(How to complete this task):
If a record contains a picture, skip the picture and transcribe the rest exactly.

Crawled caption data:
▽

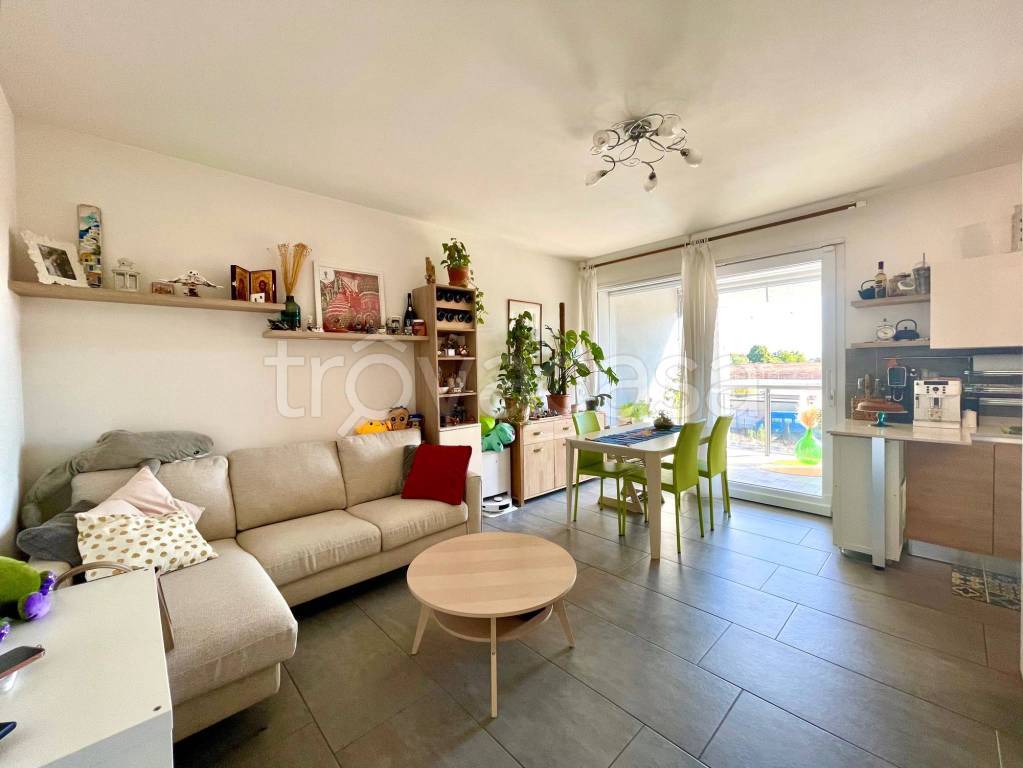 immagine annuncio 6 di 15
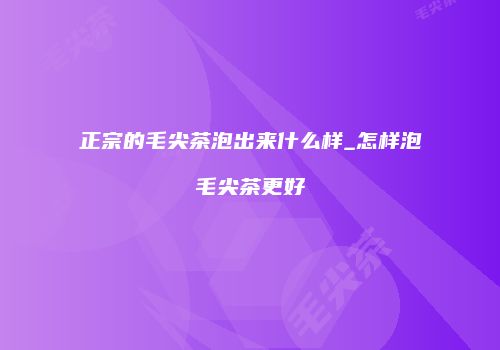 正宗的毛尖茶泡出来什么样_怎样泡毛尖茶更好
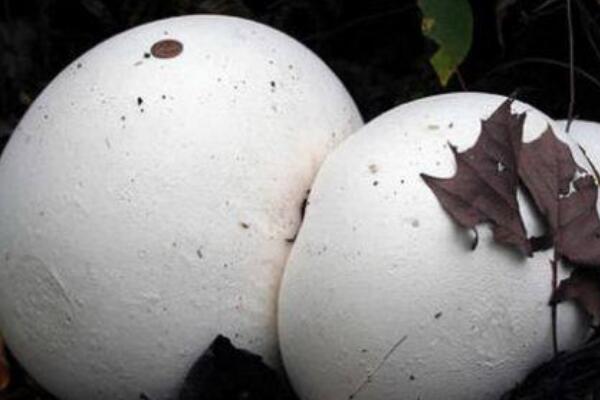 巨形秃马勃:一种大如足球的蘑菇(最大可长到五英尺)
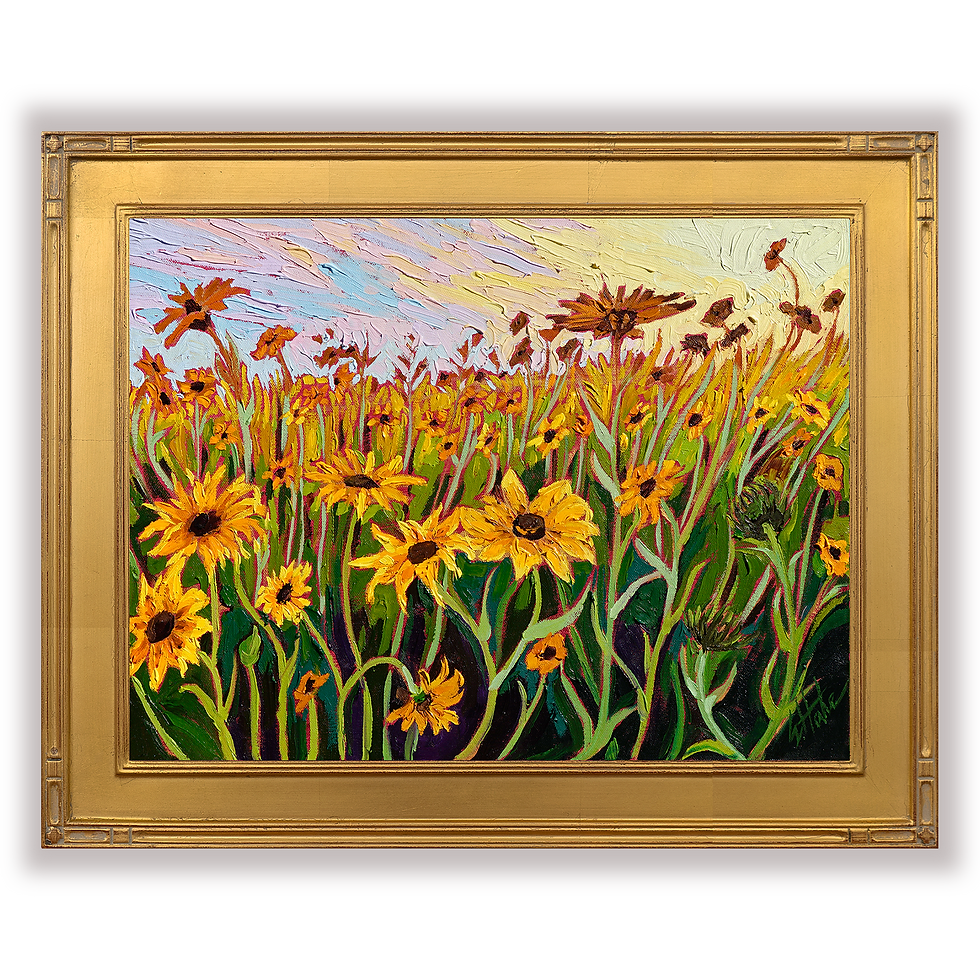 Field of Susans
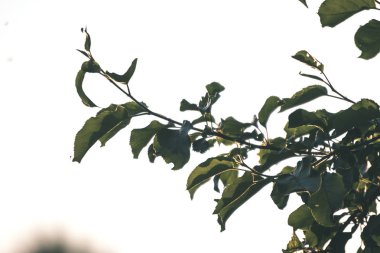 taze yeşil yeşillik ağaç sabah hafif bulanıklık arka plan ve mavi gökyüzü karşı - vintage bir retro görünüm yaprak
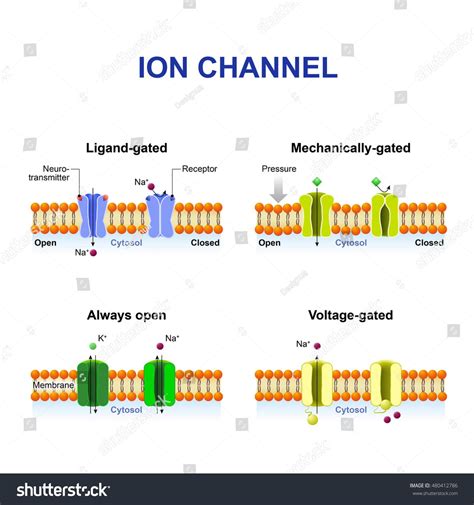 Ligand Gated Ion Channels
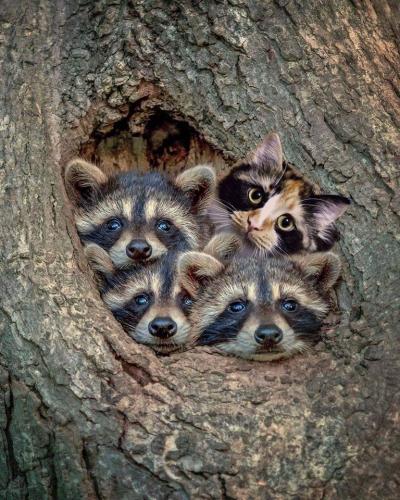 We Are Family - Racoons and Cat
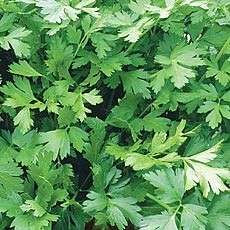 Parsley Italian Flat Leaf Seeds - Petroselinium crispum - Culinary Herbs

△

(Result):
 immagine annuncio 6 di 15
 正宗的毛尖茶泡出来什么样_怎样泡毛尖茶更好
 巨形秃马勃:一种大如足球的蘑菇(最大可长到五英尺)
 Field of Susans
 taze yeşil yeşillik ağaç sabah hafif bulanıklık arka plan ve mavi gökyüzü karşı - vintage bir retro görünüm yaprak
 Ligand Gated Ion Channels
 We Are Family - Racoons and Cat
 Parsley Italian Flat Leaf Seeds - Petroselinium crispum - Culinary Herbs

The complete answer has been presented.